La seconde nature peut se comprendre sur plusieurs degrés et je suis quelqu’un d’assez spirituel, donc il y a des choses que je pense connaitre, il y a des choses que j’assume et il y a un message que j’essaie d’envoyer dans mes films. Dans western on a ce gamin qui se dédouble mais il n’est pas assumé, parce que à la fin il regrette. Pourtant dans ITD tous les personnages ont une double nature. Il y a ceux comme dans Western qui refusent d’assumer et il y a ceux qui ont accepté qui ils sont et qui décident de vivre avec ça. J’aimerai laisser les gens se faire leur propre idée mais à mon niveau je dirai qu’en tant qu’êtres humains nous ne sommes pas un, nous sommes deux. Nous vivons dans le monde physique et nous vivons aussi dans le monde spirituel. Mais de nos jours le monde spirituel est tellement mis en arrière au point où ce n’est pas important, certaines personnes s’occupent de leur vie physique sans penser à leur vie spirituelle, sans penser à l’après, ça ne les intéresse pas en fait. Dans ces deux films je mets ça en avant, c’est vrai sans plaquer ça sur le visage parce que j’aimerai rester assez subtil dans mes films. Je n’impose rien aux gens j’aimerai toujours laisser aux gens l’ouverture et la possibilité de se faire leur idée en regardant le film. Je n’appellerai pas ça le fatalisme je veux juste donner des indices je veux attirer l’attention des gens vers le côté spirituel. Owona a une vie spirituelle qu’il mène mais refuse de l’assumer parce que ça l’effraie. Dans Western c’est moins visible mais il y a un plan dans Western et c’est mon grand regret aujourd’hui en tant que réalisateur, c’est que ce plan qui était vraiment important dans le film, beaucoup de personnes ne l’ont pas compris. Ça me fait beaucoup de peine mais ça me motive aussi davantage à travailler sur mes intentions de savoir comment insister sur des choses que j’aimerai que des gens remarquent, je parle de cette partie dans Western où Kamdem récupère l’arme de son père, on a l’ombre de Western qui fait exactement la même chose mais bon… Ce n’est pas le fatalisme, j’aimerai juste attirer les gens dans mon univers.
Quelle est la suite en ce qui concerne le film, quelles sont les prochaines étapes ?
Le futur très proche du film c’est la projection au Goethe Institut le 5 novembre 2020 et évidement j’aimerai bien faire quelques festivals avec le film, ça permettra aussi de montrer aux autres le film et de le rendre plus accessible au plus grand nombre de personnes. J’aimerai avec ITD dire qu’en tant que cinéaste camerounais nous pouvons le faire.
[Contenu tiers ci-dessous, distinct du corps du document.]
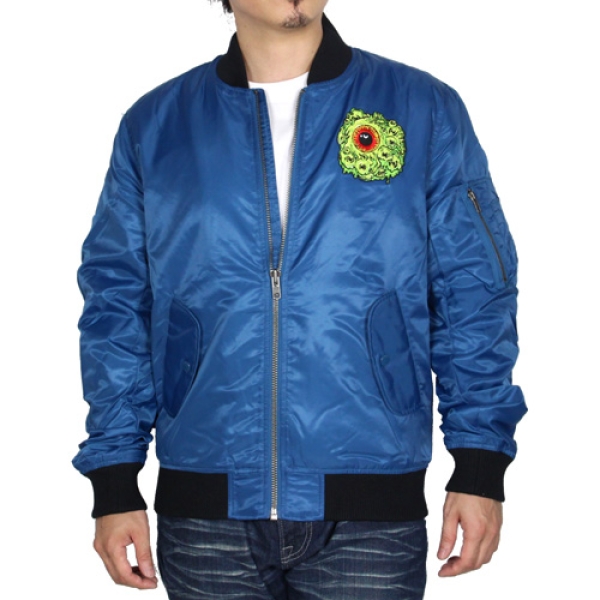 NEW PANIC MA-1 BOMBER JACKET ミリタリージャケット | ASYLUM[アサイラム]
Il faut oser et commencer à vraiment faire du cinéma, nous pouvons le faire. Avec ITD ce n’est pas tout à fait réussi mais c’est prometteur. Ça veut dire qu’avec de la passion, la persévérance, nous pouvons changer la face du cinéma camerounais. Je ne tire pas sur les autres films camerounais mais je pense qu’il faudrait qu’on commence à faire des films qui osent, qui proposent quelque chose de particulier ou de nouveau.